Yep. The Big Holiday Season is almost upon us. And there will be lots of parties for people of every ilk. Work parties, client parties, Christmas parties, Hannukah gatherings, Kwanzaa celebrations, New Year’s Eve (and Day) festivities, community events… No matter who you are, you’ll probably be expected to attend more than one.
And even if you like parties, attending these parties alone can be a challenge for some people. I’m one of those people. I like parties just fine, but I don’t like going alone. Not having an escort is one of those times when being single can suck. I need someone to hold my hand through these things. So I have a few “rules”; here’s how I manage to navigate these parties alone, without crying:
- Looking cute. I put in a little more effort to make sure I look better than usual. Feeling like I look good boosts my confidence. And confidence is a good thing to have at a party. But by “looking better than usual”, I don’t mean over-dressing or obsessing about my appearance. I mean wearing a favorite outfit that I already know looks good on me. And then I add an interesting piece of jewelry and great shoes. Not only do they add to the “cute factor”, the jewelry and shoes have a job. I’m grateful that compliments about shoes and jewelry are often conversation starters. So, the person that approaches me to say “what a great necklace”, is one less person that I have to approach and clumsily try to start a conversation. They’ve taken the first step, which is so much easier.

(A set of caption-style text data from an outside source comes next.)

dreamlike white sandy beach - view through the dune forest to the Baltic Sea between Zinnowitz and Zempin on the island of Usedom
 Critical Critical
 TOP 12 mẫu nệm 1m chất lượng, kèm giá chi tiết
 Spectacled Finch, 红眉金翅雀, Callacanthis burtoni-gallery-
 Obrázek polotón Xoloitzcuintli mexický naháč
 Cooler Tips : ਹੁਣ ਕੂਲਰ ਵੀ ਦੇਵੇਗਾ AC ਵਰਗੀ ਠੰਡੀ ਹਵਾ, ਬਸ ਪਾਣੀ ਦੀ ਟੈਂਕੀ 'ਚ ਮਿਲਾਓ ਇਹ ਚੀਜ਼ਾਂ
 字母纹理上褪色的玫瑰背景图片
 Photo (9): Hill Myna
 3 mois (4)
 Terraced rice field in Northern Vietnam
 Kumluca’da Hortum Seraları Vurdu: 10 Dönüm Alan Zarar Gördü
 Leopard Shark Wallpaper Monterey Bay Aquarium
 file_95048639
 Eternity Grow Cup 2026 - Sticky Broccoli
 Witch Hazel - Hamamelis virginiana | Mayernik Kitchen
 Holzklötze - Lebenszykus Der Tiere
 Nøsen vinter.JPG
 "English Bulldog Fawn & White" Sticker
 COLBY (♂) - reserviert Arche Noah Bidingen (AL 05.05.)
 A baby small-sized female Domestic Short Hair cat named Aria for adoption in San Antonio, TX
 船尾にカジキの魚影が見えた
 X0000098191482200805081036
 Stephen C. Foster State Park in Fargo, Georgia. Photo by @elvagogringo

- Arriving at the right time. I try to find out as many details as I can. What time does the event begin and end? About what time will most people be there? Is it a party party or a dinner party? For a party party, I try to arrive at a time when I think the party will be in full swing. That way, I don’t have to awkwardly stand around by myself waiting for things to get started. If I arrive too early, I’m already ready to leave when the party’s heating up because I’ve been there too long by myself. Mingling in a crowd is easier and it’s not so obvious if you’re just standing around not yet talking to anyone. Plus there’s just more people to choose from and you might even see people you know. At most dinner parties, there’s usually a cocktail hour prior to being seated. I try to find out when dinner will actually be served and then arrive 1/2 hour before that. Again, it’s the stand-around-and-talk-to-people part that’s uncomfortable for me. Once I’m sitting down, I’m much better. If the host does the seating, I try to find out as soon as possible who I’m seated near. Hosts hate this, but I have been known to stealthily change my seat if I don’t like where I’m seated. Sorry, but they have to be people I want to sit with because I don’t have a Plus One to talk to.
- Finding people like me. By “people like me” I mean other people who came alone. There’s strength in numbers.
- Hanging out near the food/drink. People lined up for something to eat or drink are just chattier. Plus, holding a drink or plate of food gives me something to do with my hands…which, for some reason, is more of an issue that it should be.
So, I’m ready. If I haven’t found a Plus One (even a temporary one) by my next party invitation, I’ll put these guidelines to good use and will probably manage to have a good-enough time.
What tips can you share to make going to a party alone even more bearable…and maybe even lots of fun?